To start their simulations, the NCAR researchers worked with the most recent estimates of soot levels, as found in the geological record: some 15 billion tons. From there, they ran tests with higher and lower amounts to study how it might affect the climate differently.
The study found that soot would have gathered in the upper atmosphere, forming a thick blanket over the planet that blocked most of the sunlight. Immediately after the impact, the researchers say the day would have been as dark as a moonlit night. Over time the skies slowly brightened back to normal, but it would have taken a full 18 months for sunlight to return to a level that would allow plants to photosynthesize.
Plants that weren't already destroyed by fire would have been done in by the darkness. That includes marine plants like phytoplankton, the one-celled organisms at the bottom of the house-of-cards that is the food chain. When they were devastated, the rest of the marine life alive at the time toppled too, leading to the extinction of giant marine reptiles like plesiosaurs and mosasaurs.
Even when the researchers ran simulations with a conservative 5 billion tons of soot, they found that photosynthesis would still have been disrupted for a full year, dealing a damaging blow to the food web. Temperatures dropped drastically too, with the model saying they may have fallen by as much as 28º C (50º F) on land and 11º C (20º F) over the oceans.
Surprisingly, the simulations suggest that once the soot started to clear, it would have done so fairly quickly. Full of ash, the stratosphere warmed dramatically, but as it settled back down to Earth, the high atmospheric air cooled. Then, water vapor condensed into ice and washed more of the soot back to the ground, clearing the dusty layer in a matter of months.
While it has helped the team understand the run-on effects of a large asteroid impact, the researchers are careful to say that the simulation isn't perfect. To start with, it's based on the Earth as it is today, which has a very different atmosphere and geography to the Cretaceous period.
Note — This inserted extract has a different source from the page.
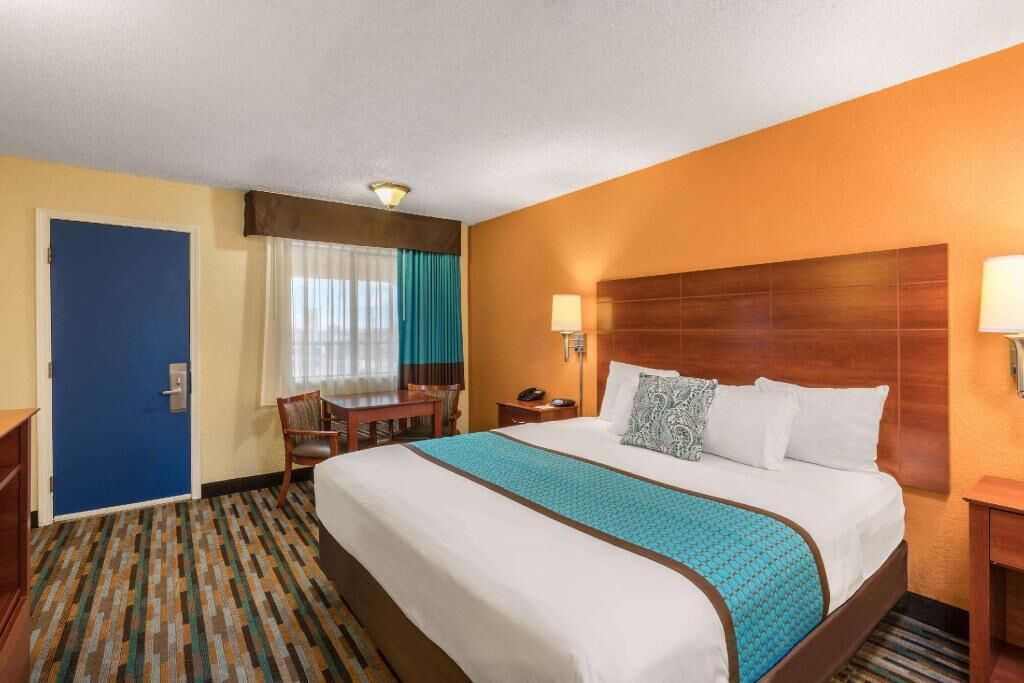 Rollaway beds, free WiFi, bed sheets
The model also wasn't designed to account for a curveball as large as an asteroid impact.
"An asteroid collision is a very large perturbation — not something you would normally see when modeling future climate scenarios," says Bardeen. "So the model was not designed to handle this and, as we went along, we had to adjust the model so it could handle some of the event's impacts, such as warming of the stratosphere by over 200º C (392º F)."
Taking this into account, the simulation might be more useful for similar scenarios today, like studying the climatic effects of nuclear winter.
"The amount of soot created by nuclear warfare would be much less than we saw during the K-Pg extinction," says Bardeen. "But the soot would still alter the climate in similar ways, cooling the surface and heating the upper atmosphere, with potentially devastating effects."
The research was published in the journal Proceedings of the National Academy of Sciences.